Businesses lose hundreds of thousands of dollars due to IT operation interruptions that cause downtime. When a server crashes, the data center is flooded or a natural disaster strikes, employees can’t access their systems, communications with customers are cut off and business transactions slow to a halt.
Therefore, it is not surprising that companies believe backup and disaster recovery are critical to the business; yet, few are able to recover from a major IT failure within one hour, according to a recent national survey conducted by Dimensional Research of more than 450 IT professionals on the current state of IT recovery. Furthermore, only seven percent were confident that they could recover operations within two hours, and almost 25 percent said it would take more than an entire day.
As a result, in search for better protection, companies fall victim to New Shiny Object Syndrome, adding new tools and features to their existing IT infrastructures in hopes of improving their system and business protection in an effort to avoid disastrous IT events.

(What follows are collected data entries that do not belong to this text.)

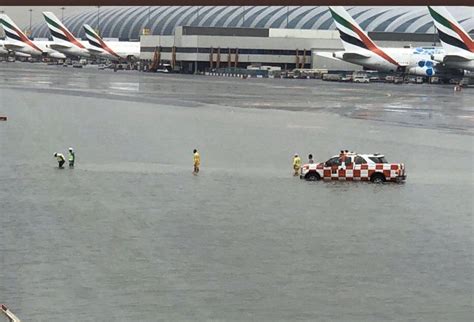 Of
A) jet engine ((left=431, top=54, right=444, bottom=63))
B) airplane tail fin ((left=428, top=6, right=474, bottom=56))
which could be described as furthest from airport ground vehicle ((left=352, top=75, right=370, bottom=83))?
airplane tail fin ((left=428, top=6, right=474, bottom=56))

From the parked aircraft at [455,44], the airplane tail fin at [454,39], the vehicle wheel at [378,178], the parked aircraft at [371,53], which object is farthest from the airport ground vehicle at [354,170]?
the parked aircraft at [371,53]

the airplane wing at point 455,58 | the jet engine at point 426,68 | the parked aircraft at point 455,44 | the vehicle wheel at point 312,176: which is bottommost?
the jet engine at point 426,68

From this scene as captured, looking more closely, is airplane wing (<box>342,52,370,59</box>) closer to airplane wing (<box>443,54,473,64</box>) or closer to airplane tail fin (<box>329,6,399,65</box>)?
airplane tail fin (<box>329,6,399,65</box>)

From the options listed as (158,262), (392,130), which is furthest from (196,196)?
(392,130)

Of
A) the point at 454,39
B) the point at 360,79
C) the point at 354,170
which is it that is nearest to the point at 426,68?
the point at 360,79

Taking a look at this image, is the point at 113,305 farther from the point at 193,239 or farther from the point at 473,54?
the point at 473,54

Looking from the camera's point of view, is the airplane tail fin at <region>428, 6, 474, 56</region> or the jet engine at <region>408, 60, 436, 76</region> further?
the jet engine at <region>408, 60, 436, 76</region>

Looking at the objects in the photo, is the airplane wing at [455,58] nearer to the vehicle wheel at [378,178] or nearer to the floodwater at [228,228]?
the floodwater at [228,228] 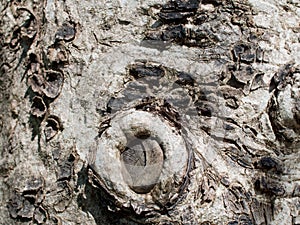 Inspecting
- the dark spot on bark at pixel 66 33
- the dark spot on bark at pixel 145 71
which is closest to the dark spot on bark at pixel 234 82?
the dark spot on bark at pixel 145 71

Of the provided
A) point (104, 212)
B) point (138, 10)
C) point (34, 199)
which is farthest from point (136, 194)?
point (138, 10)

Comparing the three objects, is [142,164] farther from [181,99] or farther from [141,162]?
[181,99]

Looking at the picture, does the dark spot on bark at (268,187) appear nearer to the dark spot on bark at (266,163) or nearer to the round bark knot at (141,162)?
the dark spot on bark at (266,163)

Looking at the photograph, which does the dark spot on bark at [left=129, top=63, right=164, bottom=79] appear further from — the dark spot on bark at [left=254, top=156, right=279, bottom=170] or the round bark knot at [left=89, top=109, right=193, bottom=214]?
the dark spot on bark at [left=254, top=156, right=279, bottom=170]

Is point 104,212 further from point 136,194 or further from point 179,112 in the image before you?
point 179,112

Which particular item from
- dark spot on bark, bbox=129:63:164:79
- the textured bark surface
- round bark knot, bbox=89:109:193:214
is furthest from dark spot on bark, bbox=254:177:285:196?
dark spot on bark, bbox=129:63:164:79

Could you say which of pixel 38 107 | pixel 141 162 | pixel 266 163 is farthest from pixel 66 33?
pixel 266 163

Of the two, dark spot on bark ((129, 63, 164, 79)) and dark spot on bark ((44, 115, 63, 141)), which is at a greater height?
dark spot on bark ((129, 63, 164, 79))

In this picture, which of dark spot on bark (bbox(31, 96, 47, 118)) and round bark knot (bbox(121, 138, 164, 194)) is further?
dark spot on bark (bbox(31, 96, 47, 118)) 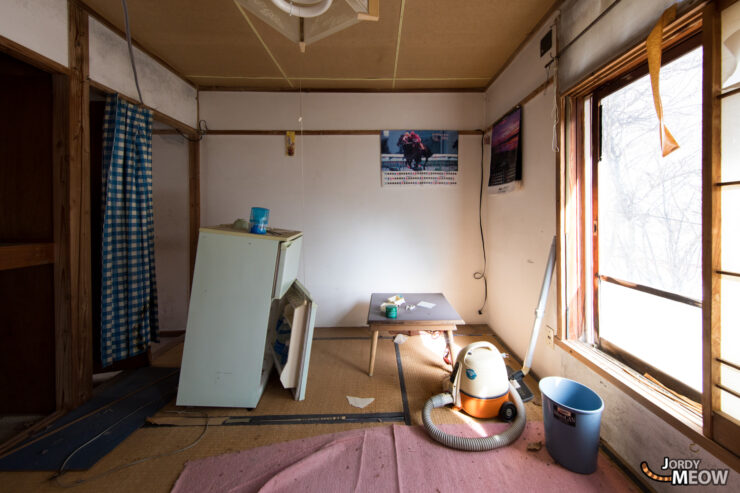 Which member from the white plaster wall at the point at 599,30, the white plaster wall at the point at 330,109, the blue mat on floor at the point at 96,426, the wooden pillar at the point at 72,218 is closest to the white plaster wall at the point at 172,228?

According to the survey, 90 percent of companies report that they have multiple backup and recovery tools in place, and more than 60 percent of these companies say that these tools have duplicate functionality.
What we have seen in practice and what the survey also highlights is implementing multiple backup and recovery tools actually increases risk. Forty-one percent of respondents said it is difficult to fully recover after a disaster because each tool works differently; 39 percent said critical data may be missed because it is more complicated to review all backups; 35 percent reported it’s more difficult to recover within established recovery time objectives; and 29 percent mentioned there is increased likelihood of unforeseen costs.
In addition, constantly adding new tools, features and products to backup and disaster recovery solutions increases the complexity of protection and recovery for IT teams. Ninety-one percent of organizations reported that there are challenges in using multiple tools including the learning curve of utilizing multiple solutions, increased cost of licenses and maintenance and the management of multiple vendors. As a result, current backup and disaster recovery solutions are broken, making it difficult for IT teams to recover entire systems following an IT outage or a disaster.
To combat these challenges, the cloud has emerged as a viable alternative to traditional backup and disaster recovery. According to Dimensional Research, eighty-nine percent of companies see value in a cloud-based solution for business protection and recovery.
In fact, companies that have switched to a cloud-based recovery solution cite benefits, such as faster recovery time after a disaster (53 percent), less IT time spent on backup and recovery tasks (50 percent), immediate access to applications and data in the event of a disaster (45 percent), ability to fully recover (44 percent), and overall cost reduction (36 percent). Additionally, more than half of companies are more confident using cloud-based recovery solutions in the case of system failure for recovering all operations in two hours or less.
Is the cloud the solution for all backup and disaster recovery problems? Not likely, but for companies experiencing ever-pressing recovery times, utilizing multiple products for backup and recovery and working with complex IT environments where speed of recovery is paramount, the cloud has shown some potential answers. Cloud-based recovery solutions are becoming part of budget discussions not because they are the new shiny object, but because they are showing true results where traditional approaches have failed.